Greetings all, this is my very first post here. I am looking to make a monster in a box prop but I want to have more than the lid slamming up and down. I have been searching for a way to have a rocking motion as well as the lid slamming but with no luck. I am hoping to accomplish this all from a single wiper motor. I was thinking about having dual pushrods (one pushing the lid the other lifting the box off the ground) following a single cam but I am not so sure about the reliability of that design. Any thoughts are greatly appreciated. Thanks!


----------



## ScareFX (Aug 18, 2004)

Scary Terry used a wiper motor for rocking in his coffin project. That might give you some ideas.

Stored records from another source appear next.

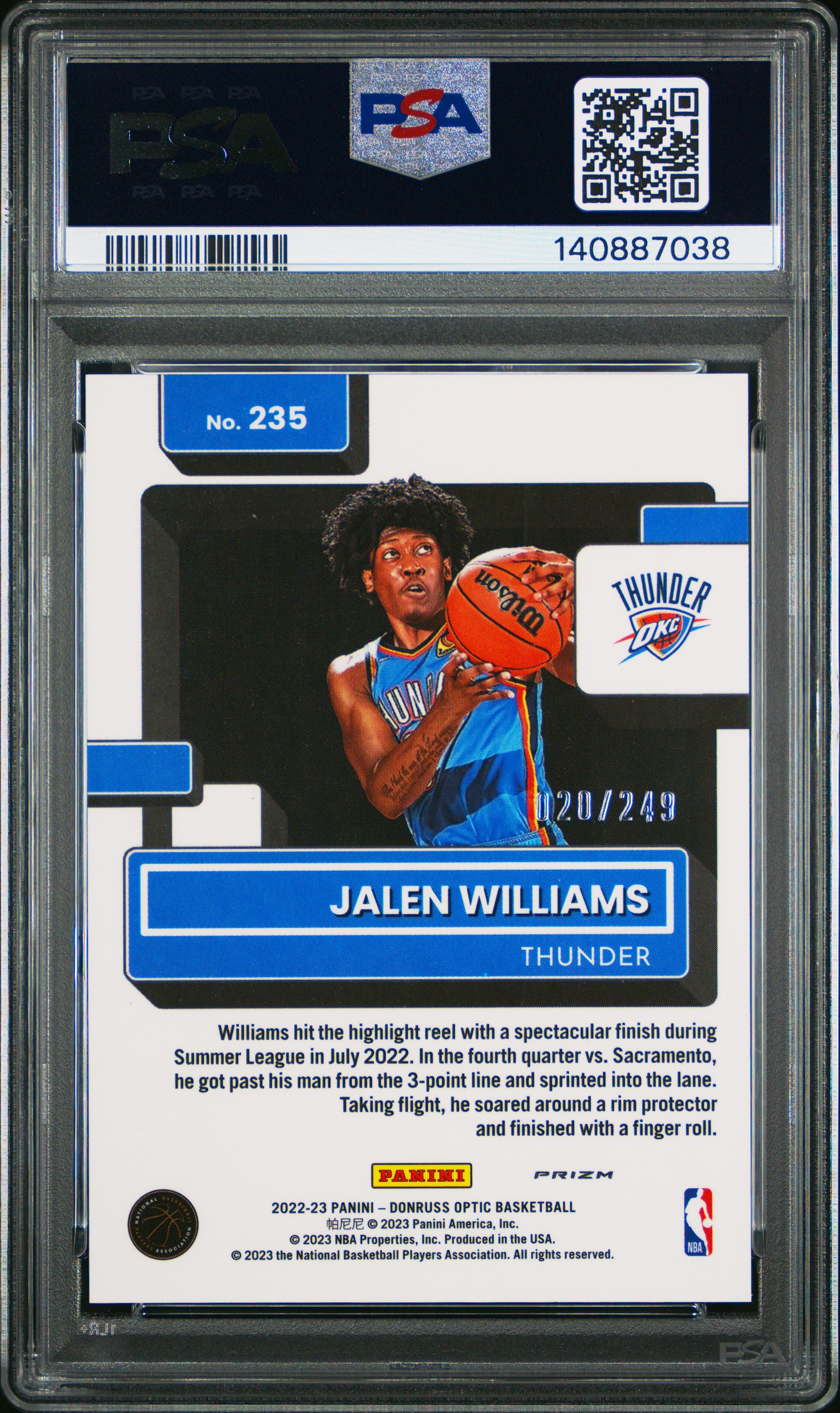 2022 Panini Donruss Optic Jalen Williams #235 Premium Box Set /249 PSA 10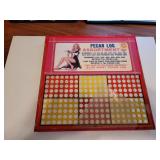 Vintage PinUp Girl Pecan Log Punch Board Unpunched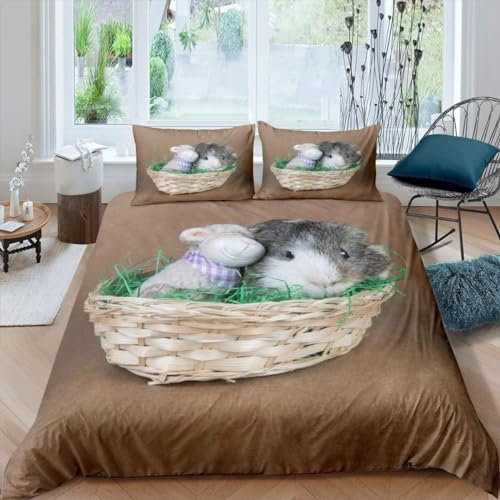 Bettwäsche 200x200 cm Meerschweinchen, Mikrofaser 3D Bettbezug Süße Tiere, Weiche Bettwäsche Set + 2 Kissenbezug 80x80 cm PQ1613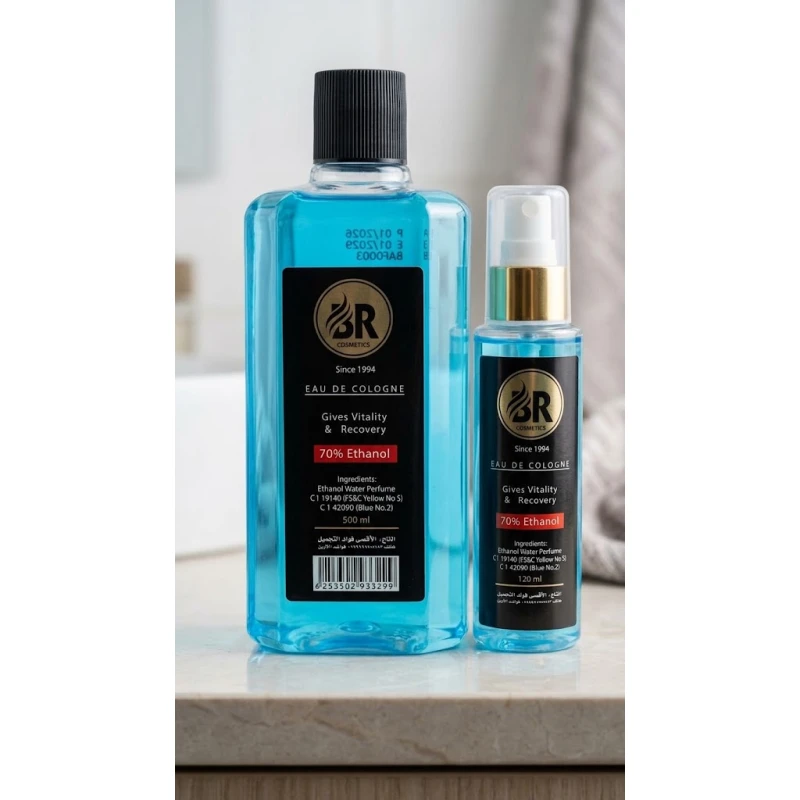 BR Eau De Cologne Set 500ml & 120ml - 70% Ethyl Alcohol Formula for Vitality, Recovery, Sanitization and Long-Lasting Refreshing Scent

http://www.scary-terry.com/kitsinkcoffin/coffinrocker.htm

And welcome to the forum.


----------



## dave the dead (Jan 31, 2007)

I have a MIB prop that uses a large cam to lift the lid and shake the front panel. If you would place a pivot point under the box to sort of balance it, the shaking motion of the lid should give enough force to rock the box without addind a linkage....just a thought....


----------



## gmacted (Jan 18, 2006)

Check out this thread. It should have the information you are looking for.

By the way, I upgraded the speakers in my creature crate this year, so the sound will be much louder.


----------



## ScareFX (Aug 18, 2004)

I'd forgotten about your great prop from last year gmacted. That was very nice work.


----------



## gmacted (Jan 18, 2006)

ScareFX said:


> I'd forgotten about your great prop from last year gmacted. That was very nice work.


ScareFX,

Thanks for the compliment. Everyone enjoyed it last year.

By the way, thanks for the idea of the dungeon cage. I made one frightfully similar. As they say, imitation is the highest form of flattery.


----------